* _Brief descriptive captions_

Segment Open

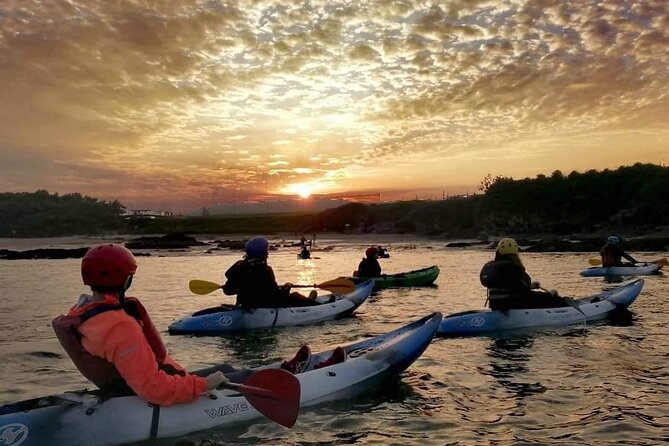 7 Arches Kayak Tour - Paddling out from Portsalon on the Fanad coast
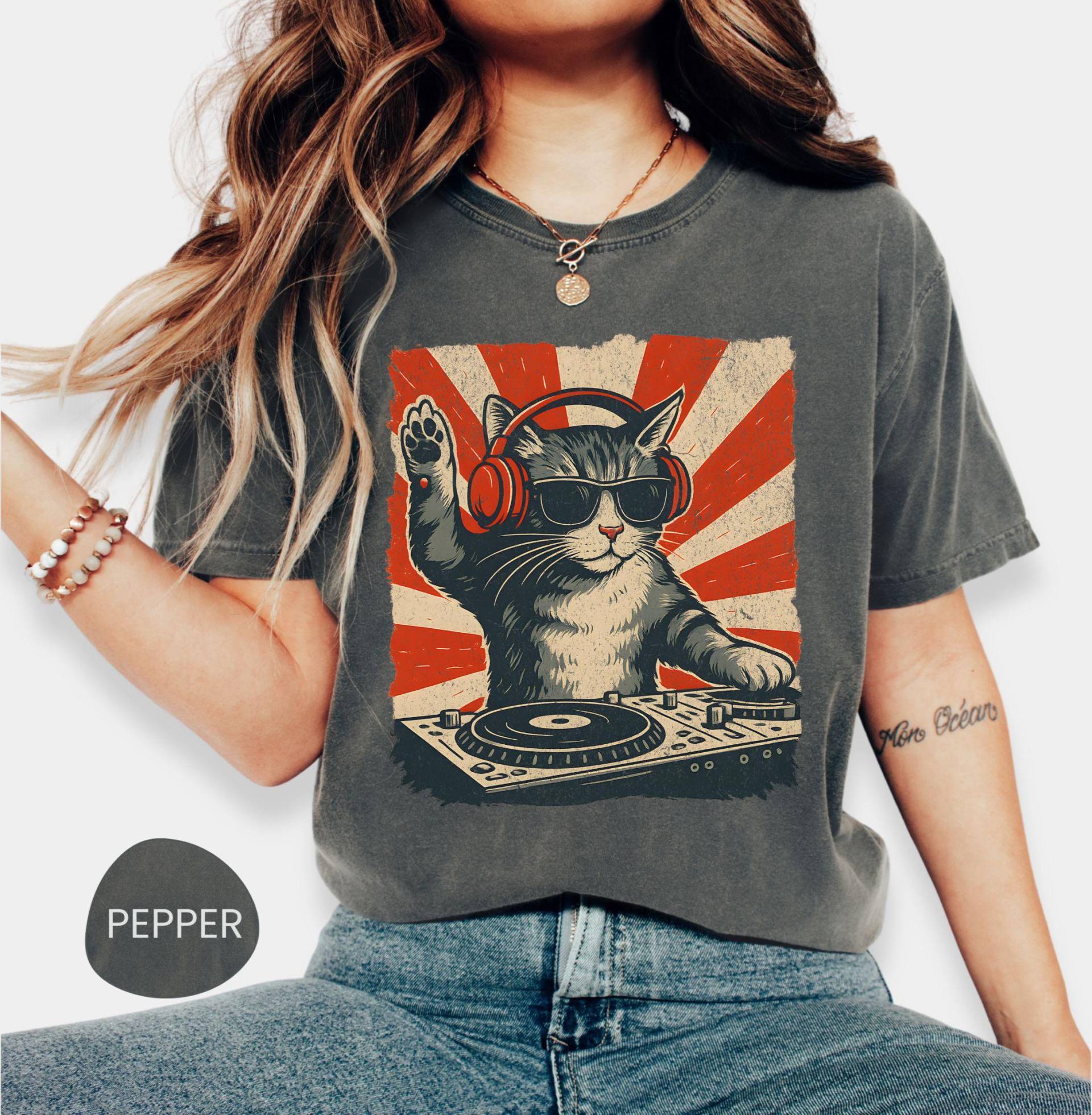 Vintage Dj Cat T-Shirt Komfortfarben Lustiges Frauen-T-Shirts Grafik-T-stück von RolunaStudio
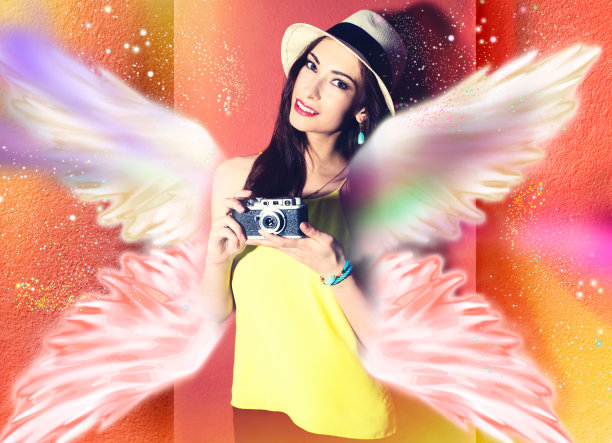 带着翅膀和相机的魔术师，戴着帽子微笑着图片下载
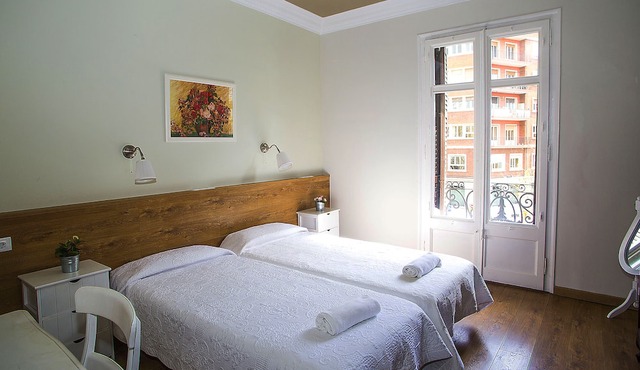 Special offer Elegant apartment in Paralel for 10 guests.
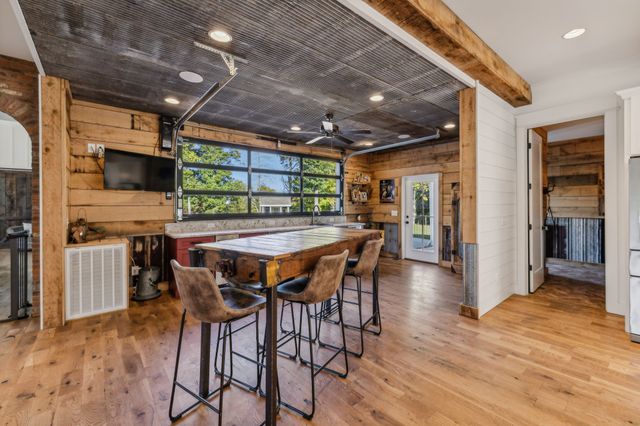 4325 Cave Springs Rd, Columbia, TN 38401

Segment Closed

* _Work instructions_
Please transcribe exactly the lines from the one containing "Vintage Dj Cat" through the final line of the data, including both, and nothing else. Pictures are to be left out.

* _Expected output_
 Vintage Dj Cat T-Shirt Komfortfarben Lustiges Frauen-T-Shirts Grafik-T-stück von RolunaStudio
 带着翅膀和相机的魔术师，戴着帽子微笑着图片下载
 Special offer Elegant apartment in Paralel for 10 guests.
 4325 Cave Springs Rd, Columbia, TN 38401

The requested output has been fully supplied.